From being an employee to self-employed to employee again
When I started blogging around ten years ago, I started off all doey eyed and excited of all the possibilities that lay ahead of me. I was going to work for myself as an accountant and fit it in while I have my kids. It took me ages to get the practising certificate and by the time I got it I felt like the application process itself felt like I had worked hard to earn it.
I started off doing some work for myself as well as doing some freelancing work to supplement it at almost the same time as having my first daughter. With one daughter it felt like it was almost possible. I soon became pregnant with the next one and then everything got a little harder. The freelancing work I got was good and in most cases easier to do than trying to make something out of my practice. So I laxed a bit and eventually let it go.
By the time I had come to this decision, I had stopped taking on new work and I was only doing a few accounts for friends and family.

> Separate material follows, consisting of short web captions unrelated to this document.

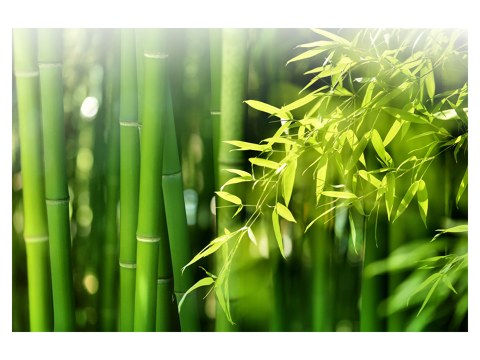 Bambusbild
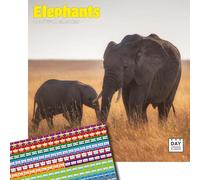Dayplanner Publishing Elephants Calendar 2026, Large Square Wall Calendar With Organisational Stickers, 16 Month, Elephants Gift Wildlife Calendar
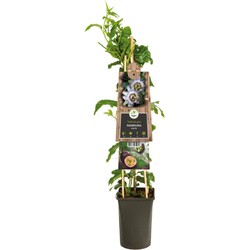 Klimplant Passiflora Edulis 75 cm - Van der Starre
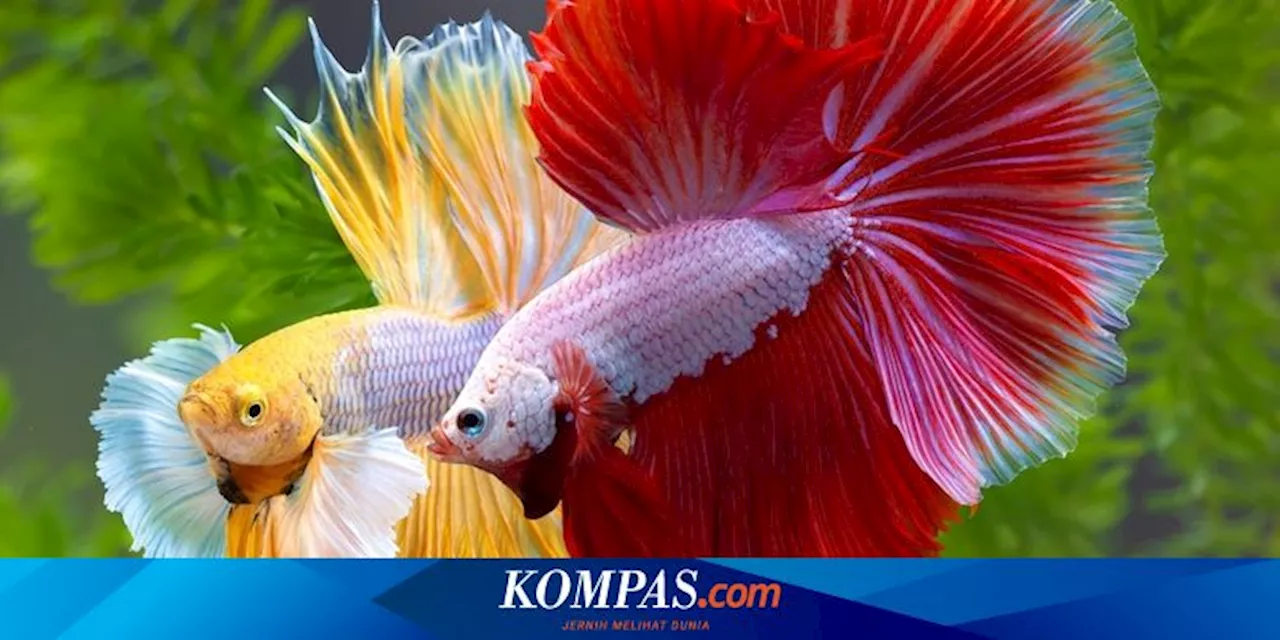 7 Cara Merawat Ikan Hias di Akuarium agar Sehat dan Panjang Umur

As they are friends and family I didn’t really need an expensive practising certificate along with all the other insurance and regulations required to keep this all in place so I started to question the need for all of these costs.
Ten years later
Ten years later from when I first got my practising certificate, I have finally let go. Along with that, all the other costs of keeping the certificate has gone too and I feel so relieved of the burden. About two years ago I had an ACCA inspection and everything went fine except they decided that the insurance cover was too low for the amount I was earning. It wasn’t too much of a hassle. But I started to realise that I didn’t really want to spend all my evenings working and worrying about my business and how I was going to make a worthwhile income when I could easily work part-time and spend the rest of my time with my daughters or exploring other hobbies (such as writing) or just relaxing.
Having a part-time job with a steady income is so much easier to do and I know I am lucky to be in this situation especially with the way the economy is at the moment. I also know it might not last forever or a long time but for now, it is good. I think if I was out of a job, I could quite easily go and look for another job. I have more confidence to do so. I also believe that there are more opportunities out there for women looking for part-time, flexible work unlike when I first started where all the jobs I applied for insisted that eventually (in 2-3 years), I needed to go full time. I wasn’t too keen on that idea and even though in 2-3 years, things might change, the hours were still not that flexible. That was one of my primary motivation for attempting to work for myself.
So anyway, the full circle means that I am back to being an employee working in accounts and tax as I was before although on a part-time basis this time round.